Whether it be a new company wanting to launch new brands or an existing brand wanting to launch a brand as an extension, it is no secret that these processes are expensive and risky, careless planning will only cause the market to mercilessly punish you. And despite investing enormously, 70% of new brands fail within the first three years.
Consumers will transfer their pre-registered knowledge about an existing product/service of yours that may, in turn, affect the brand that you are about the launch. Therefore, it is important for one to recognise oneself. Is the brand an extension brand? Or is it an entirely new brand with no associations from its previous (if any) brands?

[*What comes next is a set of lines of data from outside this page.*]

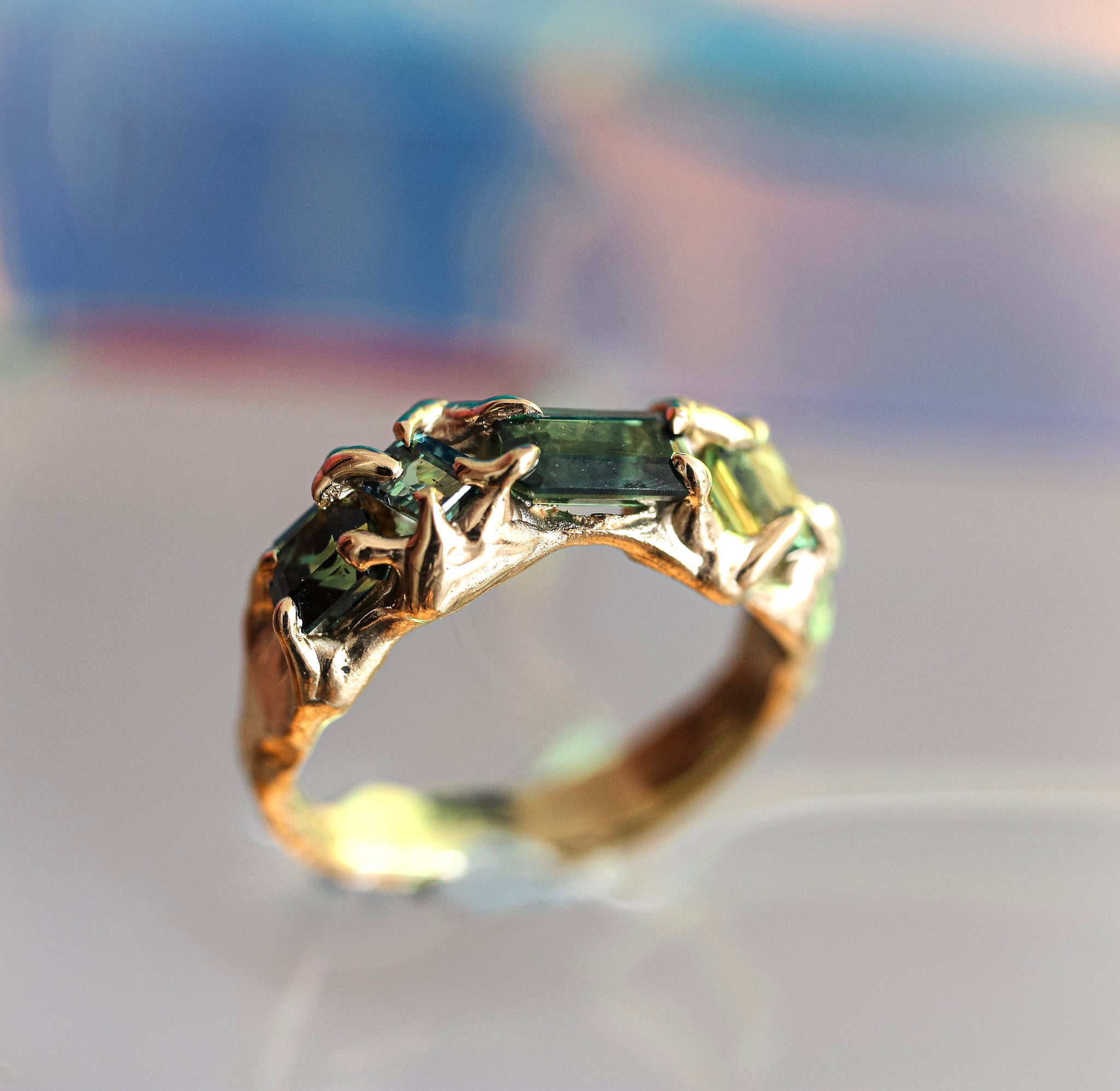 Gold ring with green australian sapphire on a blurred background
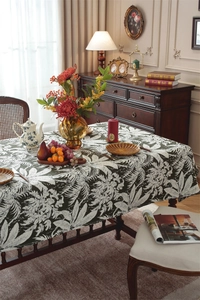 Detailed view of dark green Bohemian floral tablecloth with heavy jacquard texture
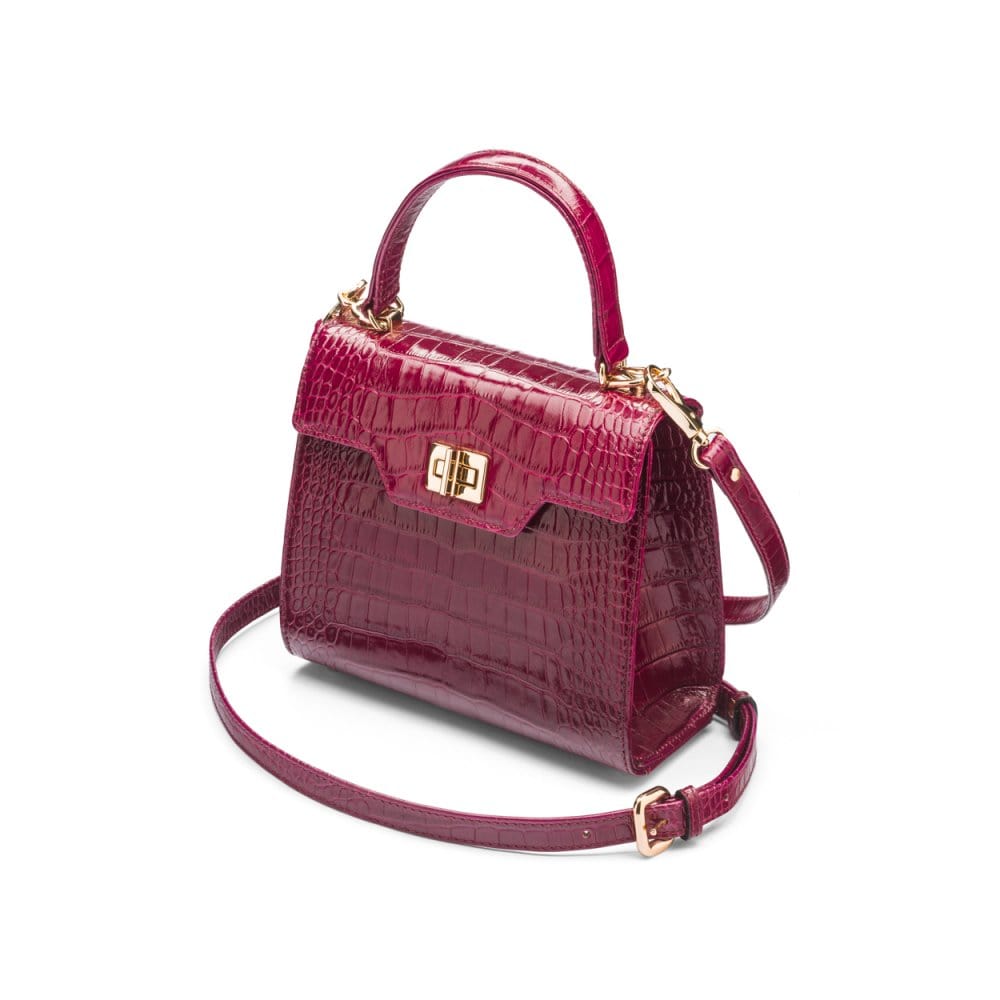 Mini leather Morgan Bag, top handle bag, pink croc, side view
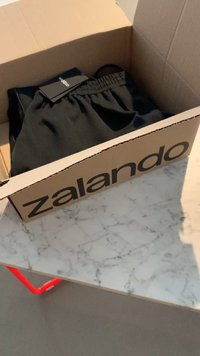 Črne kratke hlače v kartonski škatli z blagovno znamko Zalando. Hlače imajo elastičen pas in oznako na vrhu, лежаčne на мрамору.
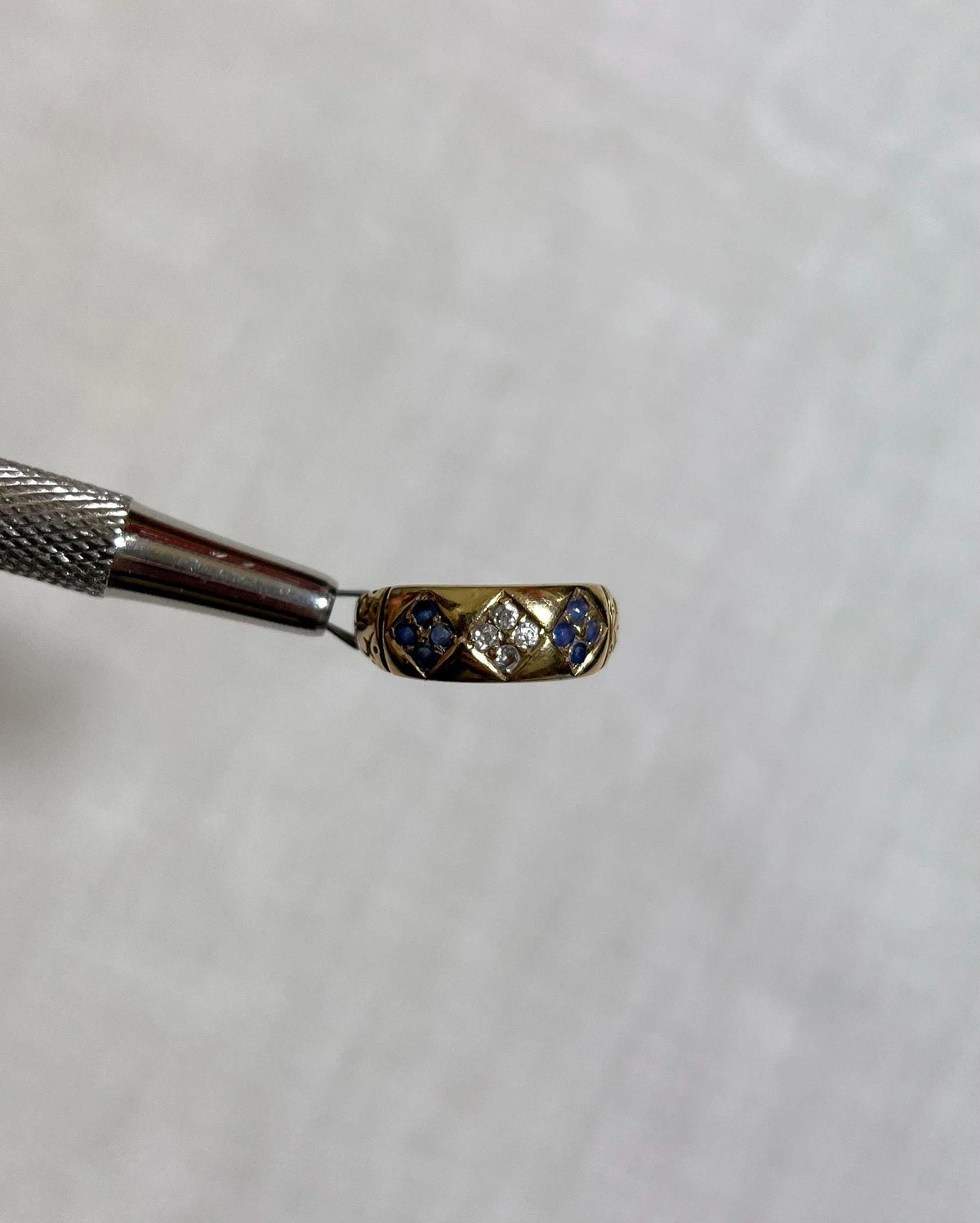 Gold ring with blue and white gemstones on a white background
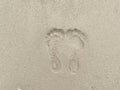 Woman footprint stamp on sand ground at the beach. Rough surface texture.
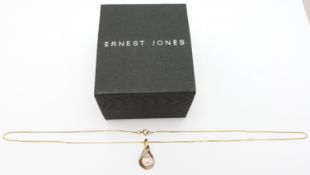 A 9ct gold pendant set with a pearl and diamond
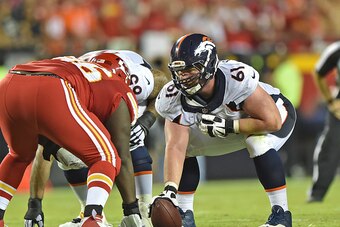 KANSAS CITY, MO - SEPTEMBER 17:  Center Matt Paradis #61 of the Denver Broncos gets ready to snap the ball against the Kansas City Chiefs during the first half at Arrowhead Stadium on September 17, 2015 in Kansas City, Missouri.  (Photo by Peter G. Aiken/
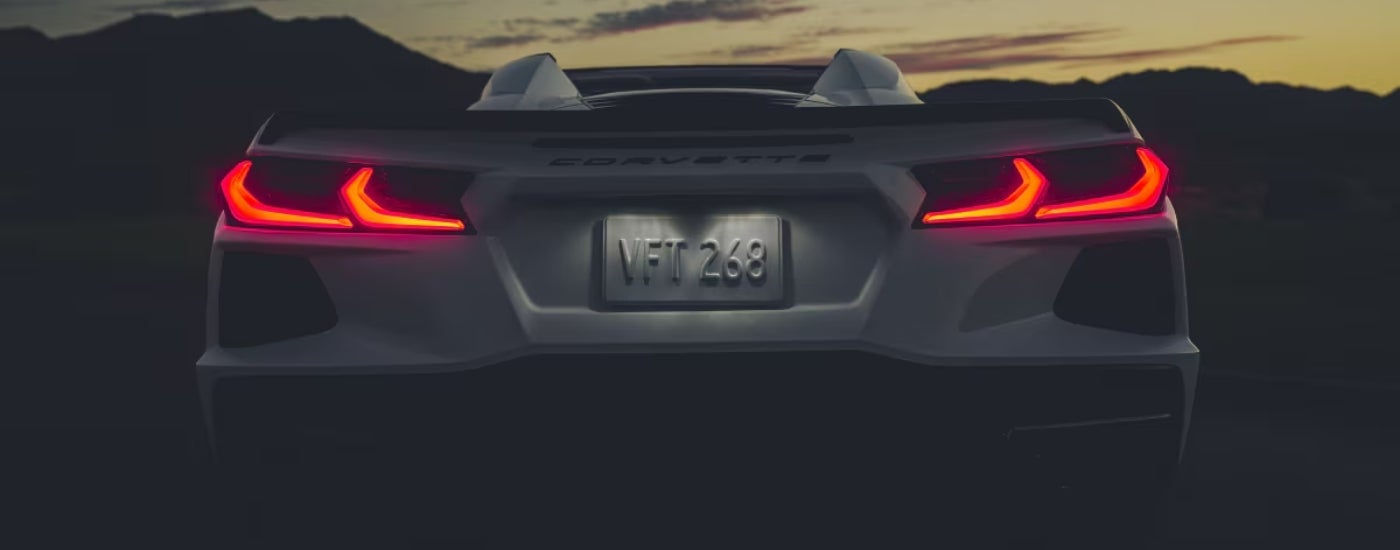 A white 2021 Chevy Corvette is shown at night with the taillights illuminated.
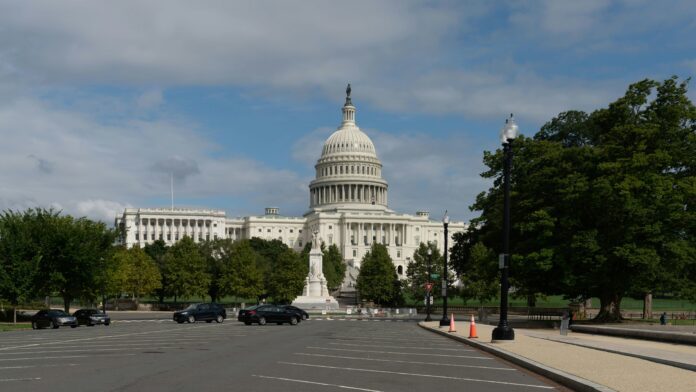 white concrete building under blue sky during daytime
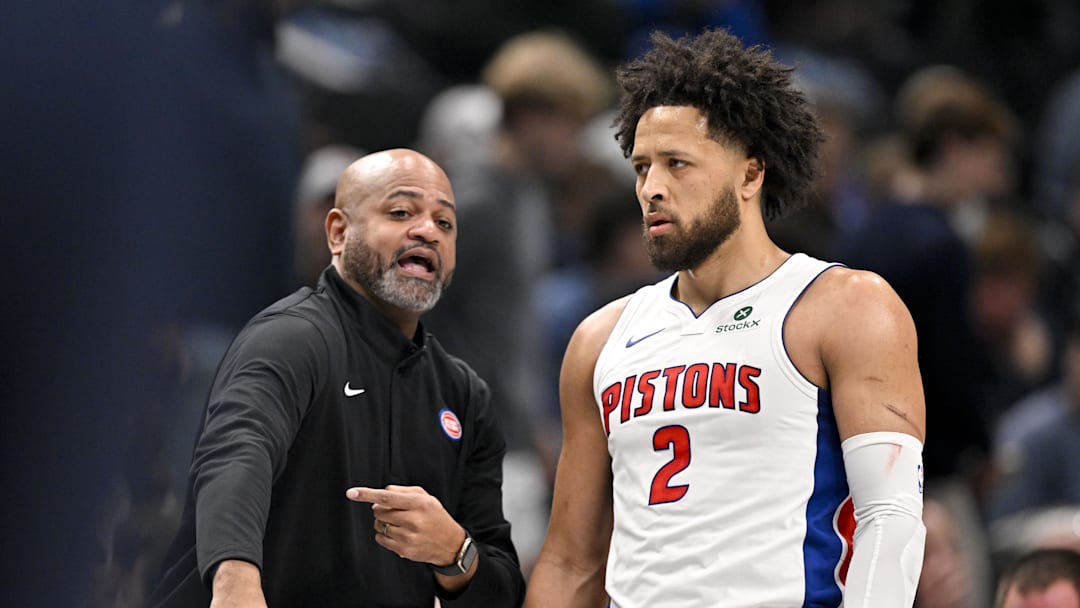 Dec 18, 2025; Dallas, Texas, USA; Detroit Pistons head coach J.B. Bickerstaff talks with guard Cade Cunningham (2) during the first quarter against the Dallas Mavericks at the American Airlines Center. Mandatory Credit: Jerome Miron-Imagn Images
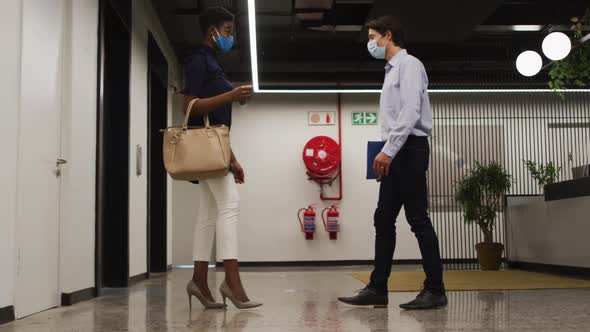 Diverse business people wearing face masks greeting in corridor using feet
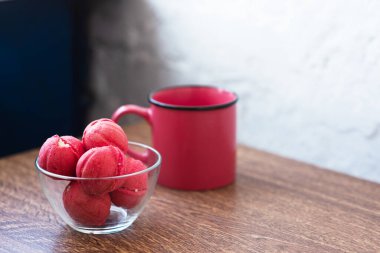 Dolu kremalı fındık şeklinde çok renkli kurabiyeler ve ahşap bir masada bir fincan kahve. Ev yapımı kurabiyeler. Uzayı kopyala Lezzetli tatlılar.
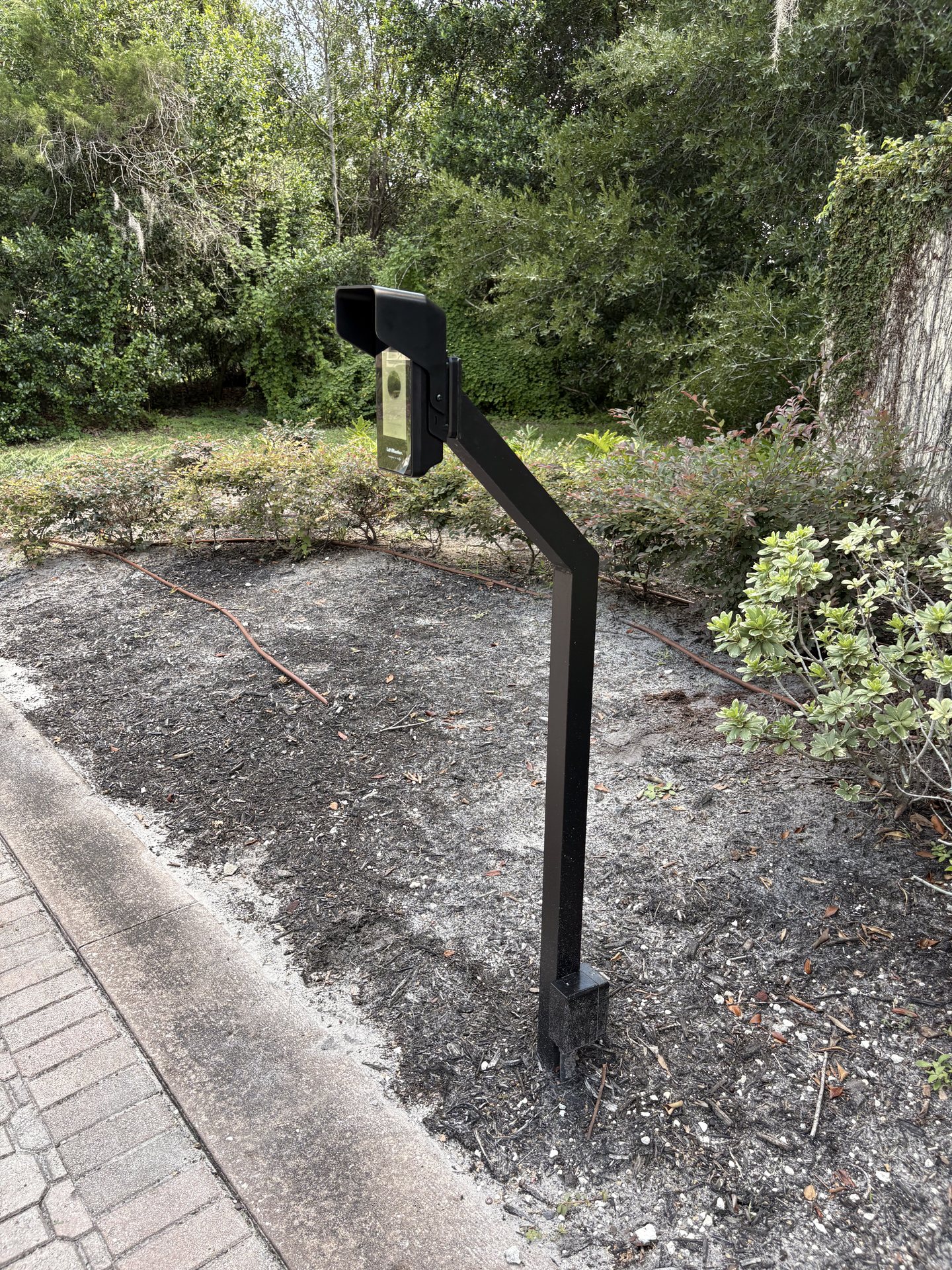 Intercom pedestal base set in landscaping with protected cable run to the gate operator
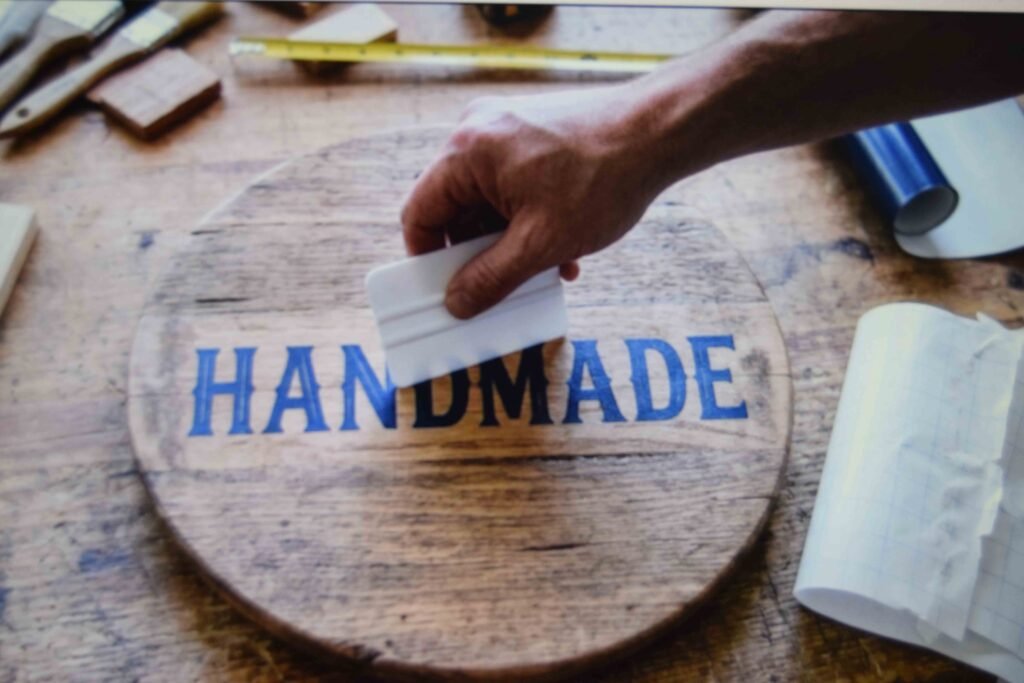 Vinyl lettering being applied to a wooden lid for a graduation keepsake box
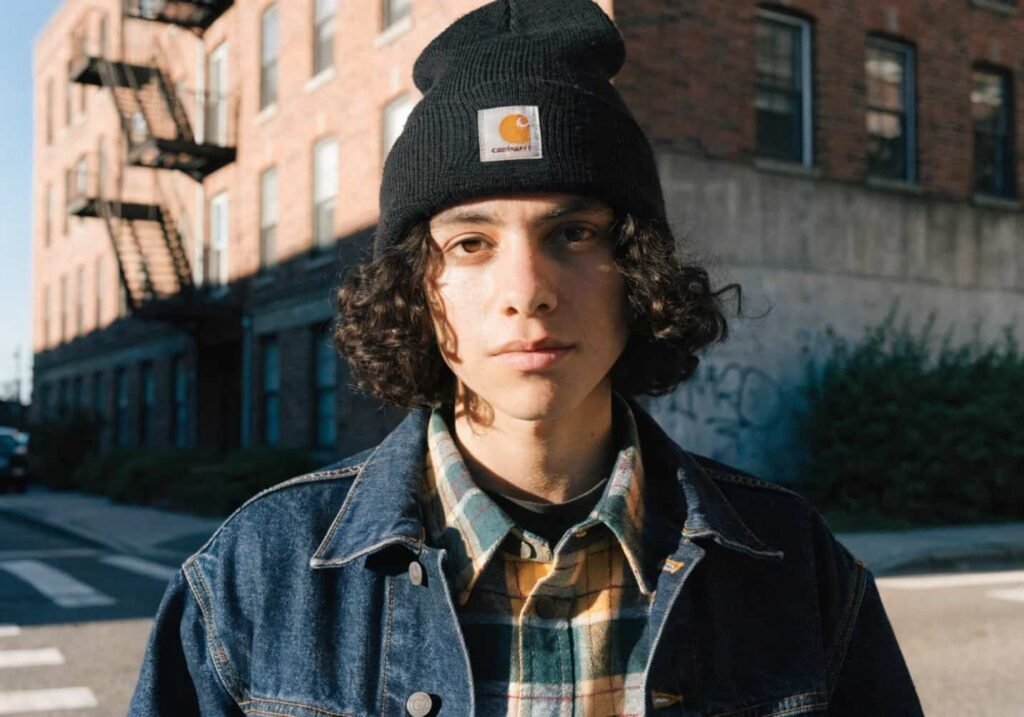 Styled outfit featuring a cuffed Carhartt beanie with flannel and denim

An advantage of extension brands is that they are able to transfer favorable associations from the existing/parent brand. Extension brands should consider the perceived image fit and functional similarities. Does the new brand fit with the existing brand? An example is the Apple iPod, the extension brand from Apple, in which, the functionality and image is fit with the parent brand. Apple communicates itself as a well-designed, user-friendly and sophisticated consumer gadget. Therefore, the Apple iPod is fit with its parent brand. It can go about the other way around too by which harming the parent brand can occur. If Apple decided to launch an “Apple Backpack”, it would not turn out successful as it does not fit with their existing products.
New brands are something completely new, without any attachments to their previous brand or parent brand. For example, Toyota, a car manufacturer with significant market share in entry to mid-level cars and their introduction of Lexus, a completely new brand to tap into the high-end car market. New brands should serve as independent, without any connection. New brands have its own freedom to choose favorable associations and to create new image in consumer’s perspective
The next step after deciding whether to launch a new extension or an entirely new brand is to establish your brand positioning. Here are three things you have to establish in order to have a clear brand positioning.
The basic notion of frame of reference is: Who are you competing with? Consumers make decisions based on the product category, brand, and alternatives. If you are about to buy comfortable and well-designed running shoes, several brands will come to mind, that is a frame of reference. Indirectly communicate to your consumers and directly establish an internal frame of reference to make it easier for both your consumers, to refer your brand to certain product category, and your team to make a clear Points of Parity and Points of Difference.
Points of parity simply refer to the features that are embedded and connected to your product, removing ‘the reason not to buy’. Using the example of running shoes again, consumers would like to have comfortable technology in their shoes. In terms of comfort, brands like Nike, Adidas, Reebok and Puma have their own comfort technology, it is their Points of Parity. Establish your PoP amongst your competitors and eliminate the reasons of why the market should not buy your product.
Points of difference are what make you stand out from the other competitors. PoD can be abstract (intangible) or concise (tangible). For example, Apple distinguishes itself from its competitors with its different operating system architecture and beliefs and values. In terms of beliefs and values, Apple continuously communicates itself as a brand that ‘challenges the status quo’, separating them from the rest. Ideally, moderate differentiation is considered much more favorable than radical differentiation in launch strategies as radical differentiation will confuse consumers of your PoPs and Frame of References.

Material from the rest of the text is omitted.